GIVEN RECORDS:

· · ·

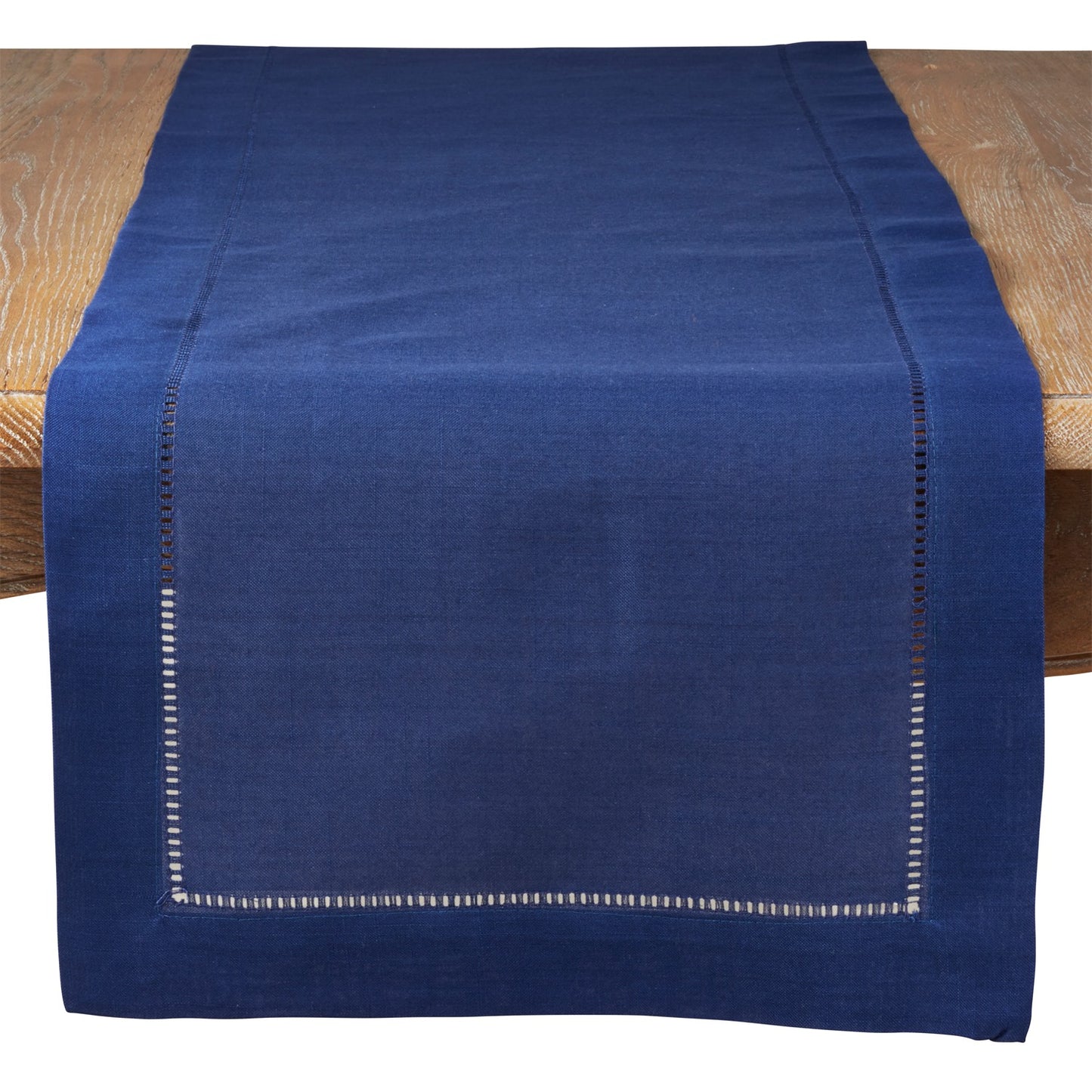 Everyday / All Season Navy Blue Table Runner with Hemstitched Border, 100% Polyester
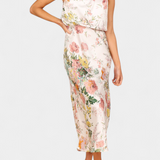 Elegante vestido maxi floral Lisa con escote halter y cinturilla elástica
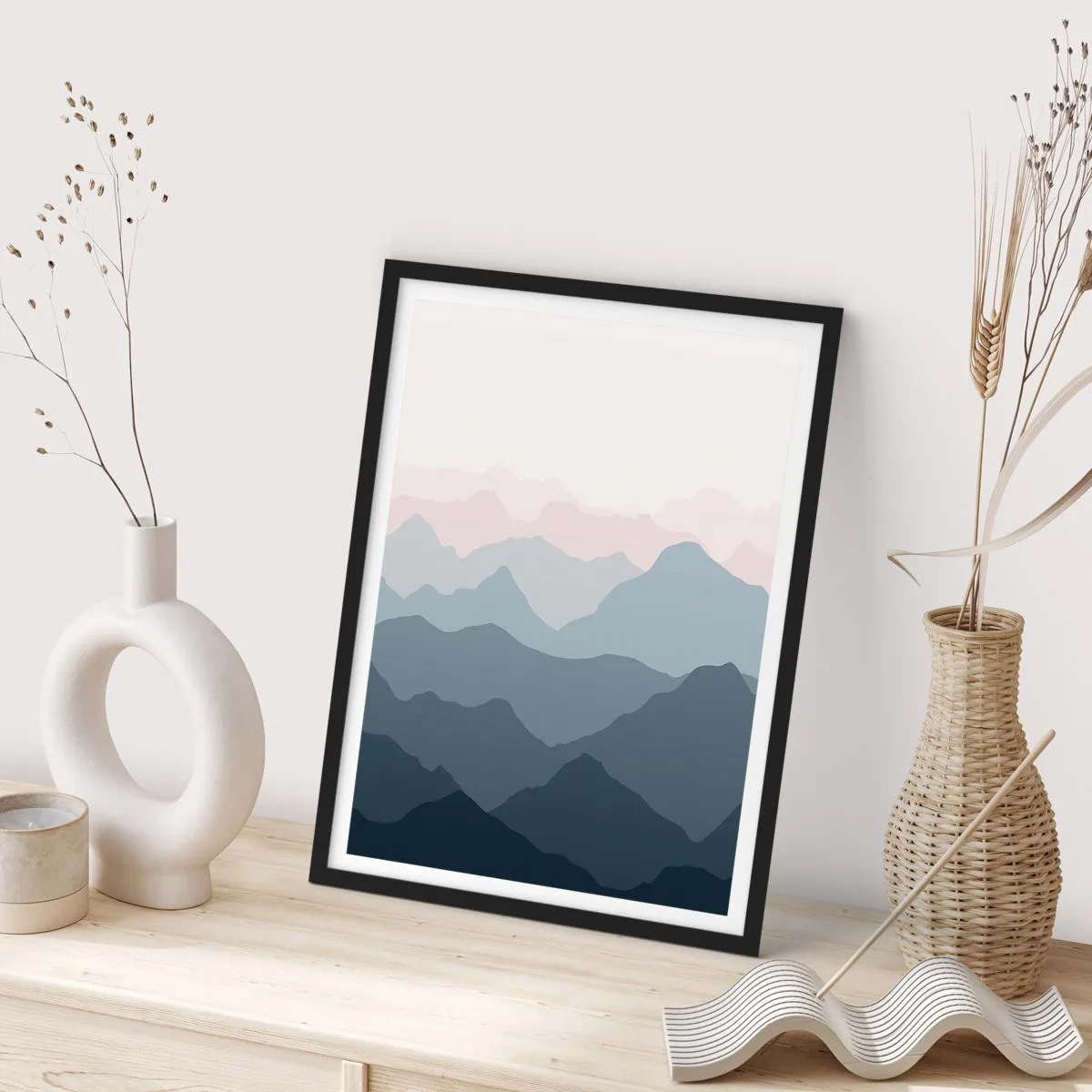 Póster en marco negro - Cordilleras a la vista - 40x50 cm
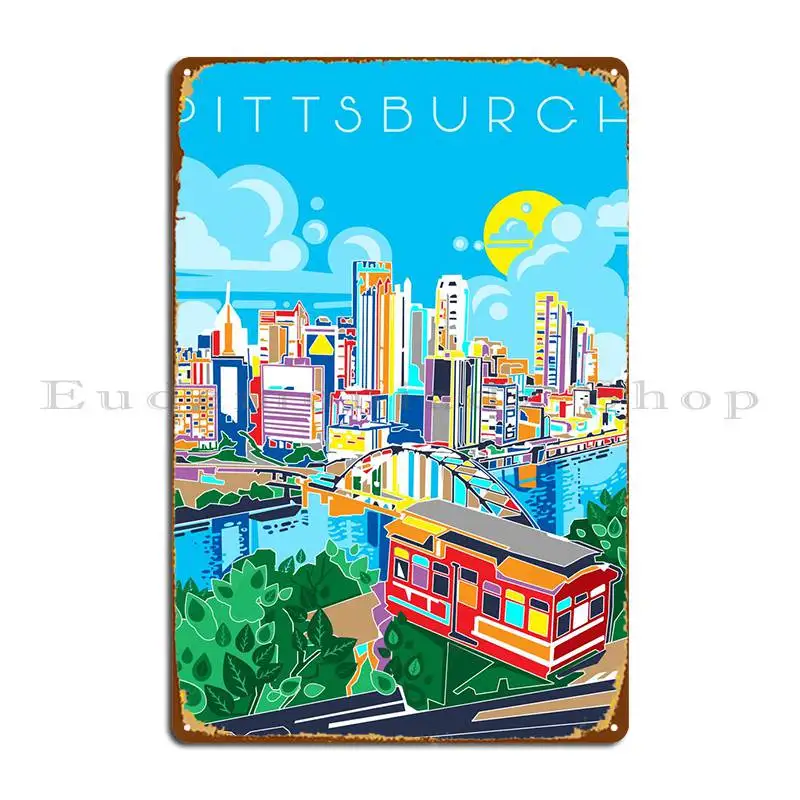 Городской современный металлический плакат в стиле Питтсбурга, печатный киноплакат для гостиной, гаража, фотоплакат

· · ·

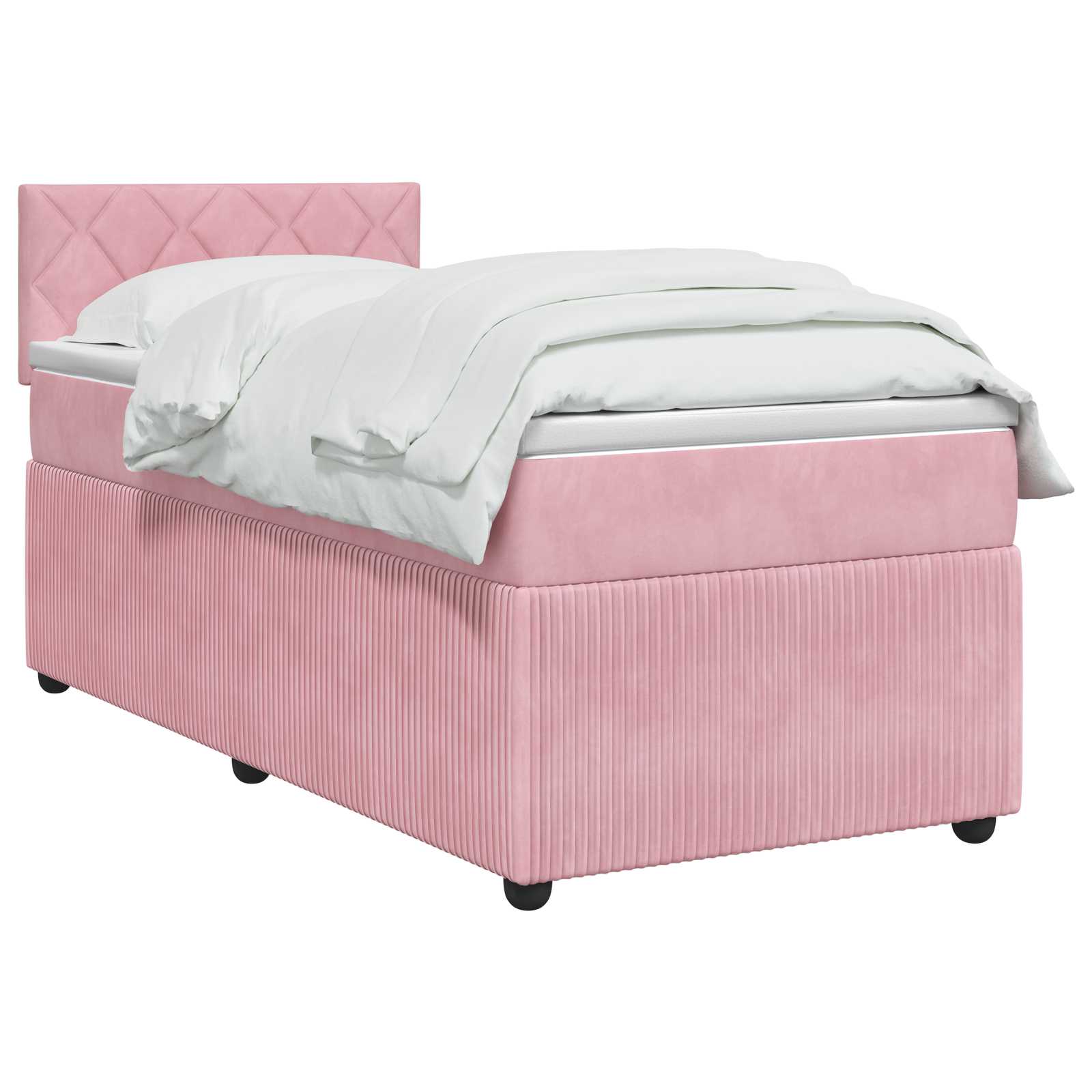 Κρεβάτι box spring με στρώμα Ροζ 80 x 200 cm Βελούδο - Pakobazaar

· · ·

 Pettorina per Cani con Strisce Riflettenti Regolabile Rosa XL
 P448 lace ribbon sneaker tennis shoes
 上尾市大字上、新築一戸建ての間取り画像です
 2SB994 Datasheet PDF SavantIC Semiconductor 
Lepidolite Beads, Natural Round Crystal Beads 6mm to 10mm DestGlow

· · ·

Within the material above, transcribe exactly the lines that run from the line holding "P448 lace ribbon sneaker tennis shoes" through the line holding "Lepidolite Beads, Natural".

RESPONSE TO THIS TASK:
 P448 lace ribbon sneaker tennis shoes
 上尾市大字上、新築一戸建ての間取り画像です
 2SB994 Datasheet PDF SavantIC Semiconductor 
Lepidolite Beads, Natural Round Crystal Beads 6mm to 10mm DestGlow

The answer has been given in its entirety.